The petitioner contends that the respondent erred in such determination, for the reason, as alleged in his petitions, that:

The money on which the tax in controversy was computed was received by the taxpayer subject to substantial limitations and conditions within the meaning (Article 51, Keg. 65), and hence is not income.

*8We see no merit in the contention thus made. The payments involved were made to the petitioner under specific terms of a written contract, which required the lessee to pay the agreed 20 per cent of its gross receipts from rental charges, in cash to him as received. There were no restrictions or limitations in respect to these payments, and, had the lessee failed or refused at any time to make such payments after receipt of its rentals, clearly, the lessors could have successfully maintained an action at law for their recovery, or a suit in equity for an accounting.

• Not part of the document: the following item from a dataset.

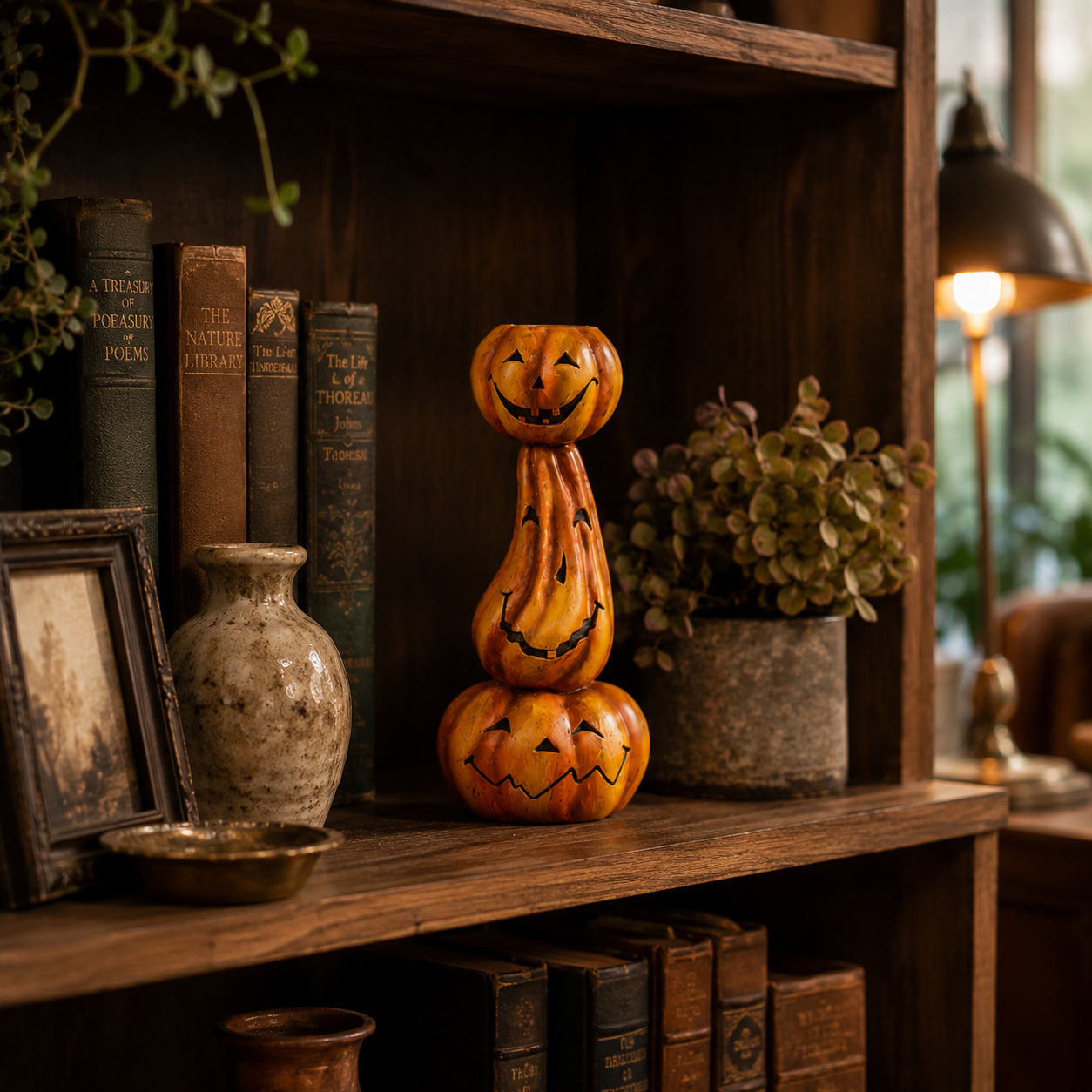 Crooked Grin Pumpkin Stack Candle Holder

In these circumstances title to these payments vested in the petitioner upon their receipt, and they constituted taxable income as and from such date. Shepard v. Northwestern Life Ins. Co., 40 Fed. 341; Eisner v. Macomber, 252 U. S. 189; S. W. Harris, 2 B. T. A. 933; Marion Stone Burt Lansill, 17 B. T. A. 413. The petitioner’s theory of so-called trust, which he argues was impressed upon these funds in favor of his lessee as soon as they came into his hands, is likewise without foundation, and the cases cited by him fall far short of supporting his theory of a trust under the conditions here. In none of the cases cited was the amount of the trust fund in doubt, but at all times was known or readily determinable by reference to the fixed percentages agreed upon in the contract. In the case at bar, whether or not any funds were ever to be “ considered ” as subject to the so-called trust; or, if so, how much, was left entirely to the election of the petitioner’s lessee; who could, by the mere entry in its books of an amount it might determine to be “ deferred or unearned income ” from payments made to it under another contract, impress funds in the hands of the petitioner with a trust in its favor. When we further consider that, in this case, the benefits of the so-called trust, were entirely under the control of the beneficiary, the novelty of the situation becomes all the more marked.

The respondent correctly held that the disputed payments made to the petitioner were taxable income to him in the years received and his determination is sustained.

Decision wiM be entered for the respondent.